◆ Your assignment ◆
From the records below, output exactly the lines running from the line containing "And that's it." through the line containing "The reason we", and no others.

◆ Supplied data ◆

┄┄┄┄┄┄┄┄┄┄

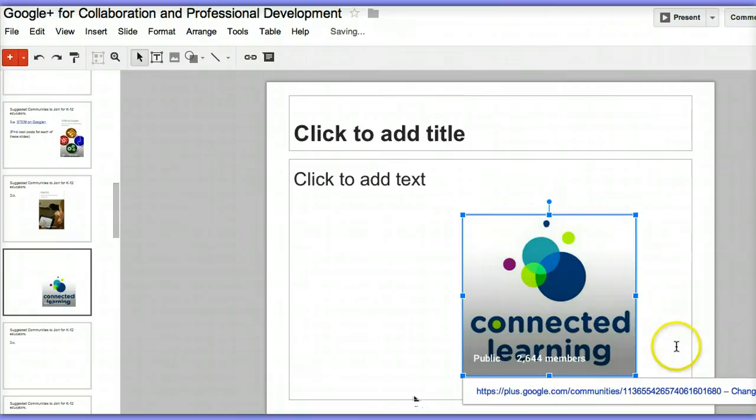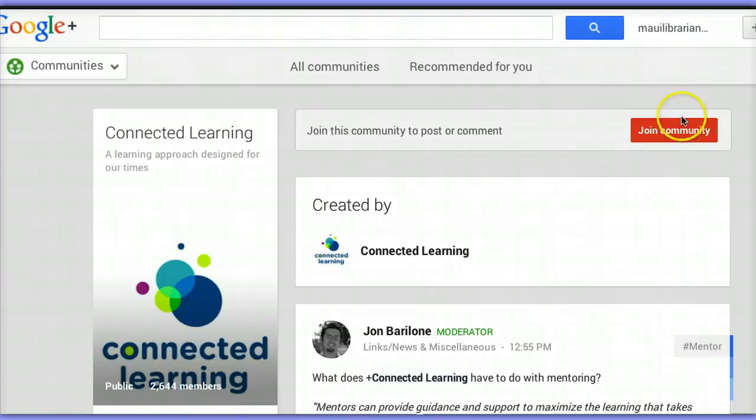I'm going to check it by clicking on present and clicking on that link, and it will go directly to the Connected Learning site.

┄┄┄┄┄┄┄┄┄┄

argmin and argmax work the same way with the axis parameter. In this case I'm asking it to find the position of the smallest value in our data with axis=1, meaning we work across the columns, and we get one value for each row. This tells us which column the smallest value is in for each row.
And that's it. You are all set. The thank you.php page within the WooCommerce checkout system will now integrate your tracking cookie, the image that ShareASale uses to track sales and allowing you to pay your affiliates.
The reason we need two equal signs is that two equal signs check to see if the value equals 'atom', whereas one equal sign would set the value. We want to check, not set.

┄┄┄┄┄┄┄┄┄┄

◆ Answer to this task ◆
And that's it. You are all set. The thank you.php page within the WooCommerce checkout system will now integrate your tracking cookie, the image that ShareASale uses to track sales and allowing you to pay your affiliates.
The reason we need two equal signs is that two equal signs check to see if the value equals 'atom', whereas one equal sign would set the value. We want to check, not set.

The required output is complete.